Solve this equation $\log_2x=\log_{5-x}3$ Solve this equation
$$\displaystyle \log_2x=\log_{5-x}3$$
the answer is $x=2,x=3$
http://www.wolframalpha.com/input/?i=log_2%28x%29%3Dlog%285-x%2C3%29
Can you give me some hint
 A: It’s certainly at least worth trying to see what value of $x$ makes the arguments of the logs equal and what value makes the bases equal, and when it turns out that the same value, $x=3$, does both, you’re done: the two expressions are then identical.
Added: Having spotted one trivial solution, it’s worth thinking about whether there are others. Are there any values of $x$ that make either side especially simple? If $x=2$, the lefthand side is $\log_22$, which we can immediately evaluate exactly as $1$. And pleasantly enough, it just happens that the righthand side is then $\log_33$, which of course is also $1$.
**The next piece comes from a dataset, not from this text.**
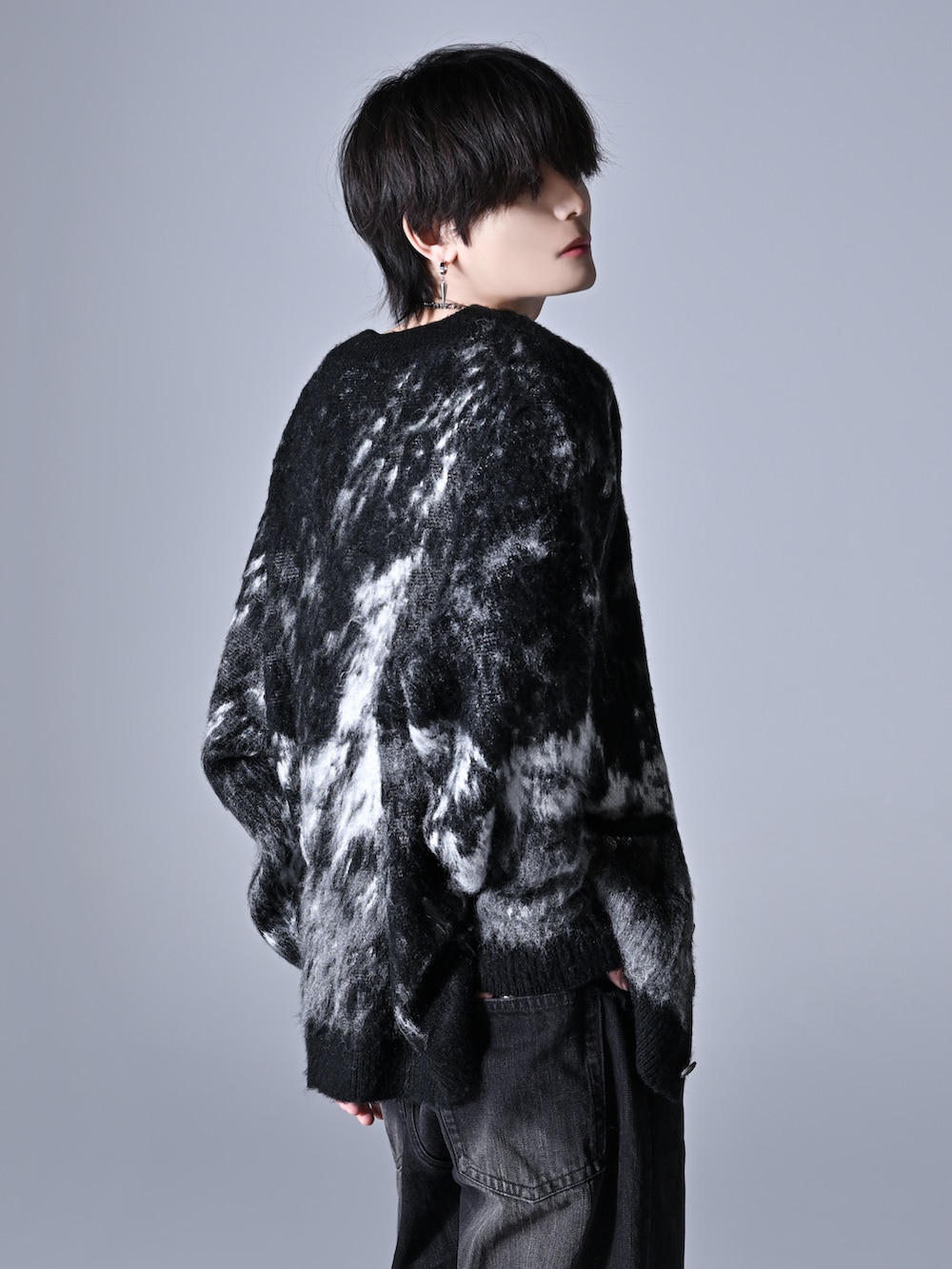 グレー系のタンクトップ、ブラック系のデニムパンツ、ブラック系のローファーを着用したメンズの秋コーディネートの3枚目の写真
A generally solution is hard. If you have the equation $\log_b x=\log_{a-x}c$, you can reduce both sides to the same base. If you pick natural logs, you use the fact that $$\log_bx=\frac{\ln x}{\ln b}$$ to write $$\frac{\ln x}{\ln b}=\frac{\ln c}{\ln(a-x)}\;,$$ or $\ln x\ln(a-x)=\ln b\ln c$. This is very ugly in general, but note that $x+(a-x)=a$; if you’re lucky enough to find that $b+c=a$, as in this problem, you clearly get two solutions by setting $x=b$ and $x=c$.
A: $\log_2x=\log_{5-x}3$ 
$$\implies \frac{\log x}{\log2} = \frac{\log3}{\log (5-x)} $$
$$ \implies \log x \cdot \log(5-x) = \log2 \cdot \log3$$
$$\implies \log\log(5-x)^x = \log\log(3)^2$$
or $$\log\log(5-x)^x =\log\log(2)^3$$
Comparing both, we get either $x = 2$ , or $x = 3$. 
A: By the above equation,
Log2*log3=logx*log(5-x)
Now x must be between 5 and 0. Seeing some logical cases, 5-x is 3 or x is 3. Hence you get the answers above. Do i have to prove there is no other complex x for which this equation holds true?
I do not think there will be a complex answer, since x can only lie between 0 and 5. One thing we should try is log2/log(5-x)=logx/log3, but i do not thing it will yield anything. Since log2*log3 is  constant, the set of possible x should be very limited.